I'm an entertainer , and Miz Mary is my stage name ..... unfortunately most people say MISS Mary ..... bleh ! ( Musician, not stripper !!! )


----------



## Lythrum (Dec 19, 2005)

Mine is from the scientific name of Purple Loosestrife - Lythrum Salicaria. I love plants, flowers and gardening and saw it in a water/bog gardening book somewhere. I liked the sound of it so I have used it ever since. Here is the picture from the Wikipedia page.
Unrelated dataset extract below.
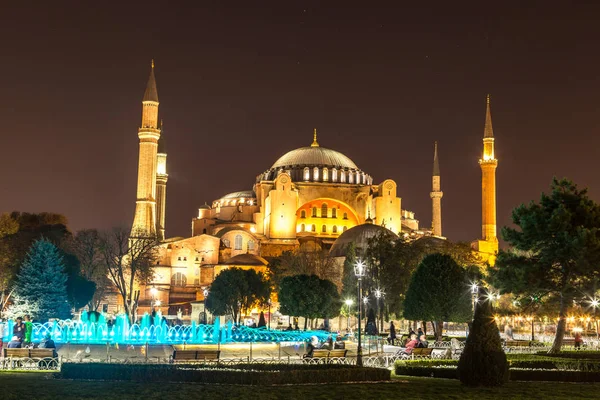 土耳其伊斯坦布尔 2015年6月15日 圣索菲亚博物馆 圣索菲亚大教堂 在苏丹的艾哈迈德公园在伊斯坦布尔 土耳其在一个美丽的夏日夜晚 — 图库照片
It's actually considered an invasive species, but it is a pretty one.


----------



## Pearl B (Sep 27, 2008)

When I found HT I wanted to start posting & in haste came up with Trinity3. As time went on it just felt not right to me. I was growing fonder of this forum & thought of Pearl. 

I did a name search & didn't find any Pearl. So I asked AngieM2 if I could change to that. She said there was a poster with that name, that they hadn't posted much so the name doesn't appear in the member list. 
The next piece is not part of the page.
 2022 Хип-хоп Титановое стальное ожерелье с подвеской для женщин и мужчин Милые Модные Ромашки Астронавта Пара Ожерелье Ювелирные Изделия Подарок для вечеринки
That's when I thought to add the B & so became, Pearl B.


----------



## raccoon breath (Aug 5, 2010)

The summer of 2010, there was a fierce battle in Northern Az between humans and wildlife. Tens of thousands (actually less than 30) of turkeys, quail and chickens were lost to our savage enemy, the raccoon. In August, shortly before I joined HT, there were bird screams that rung out in the night. We raced outside to find a raccoon family devouring our flock. Many souls were lost that night, the final battle..The Great Raccoon Attack of 2010. 

One of the raccoons was in a tree and kept growling and hissing at me. I could smell it. It smelled like it had rolled in something dead. P.U. So, raccoon breath was created, but I&#8217;m sure those raccoons had bird breath. 

Other animal encounters you will likely hear me tell at some point are:

Stinky the skunk
Nasty hawk with a cat on it&#8217;s back
Young bobcat and a tabby cat romance
GOOD LORD! Don&#8217;t Feed The Squirrels! Part 1
When Squirrels Attack, Part 2
Mountain Lion Ate The Squirrels, Part 3
The Mystery Of The Headless Chickens
&#8230;and many, many more


----------



## Falls-Acre (May 13, 2009)

My UN dates back a VERY long time... darn I'm getting old! When I was a young, dewey-eyed, freshly married young woman, I somehow managed to persuade my then-new spouse that we could get a few rabbits to raise for meat and it could help cut down a bit on grocery costs. He foolishly agreed. At the time, of course, I had never bred anything on purpose, let alone actually killed anything for eating purposes! Anyway, in addition to the rabbits, I also bought a flock of 25 cheap chicks (again, most were for meat, but 6 were to be kept for eggs... the whole lot of them were RIR's) and I also used a shovel to put in a 10 x 12 garden by hand (if you've never done that... don't!!! LOL). Anyway, I had this vision in my head of my tiny little farm and offering eggs and vegetables to sell. I needed a name to put on my rabbit pedigrees and my egg cartons.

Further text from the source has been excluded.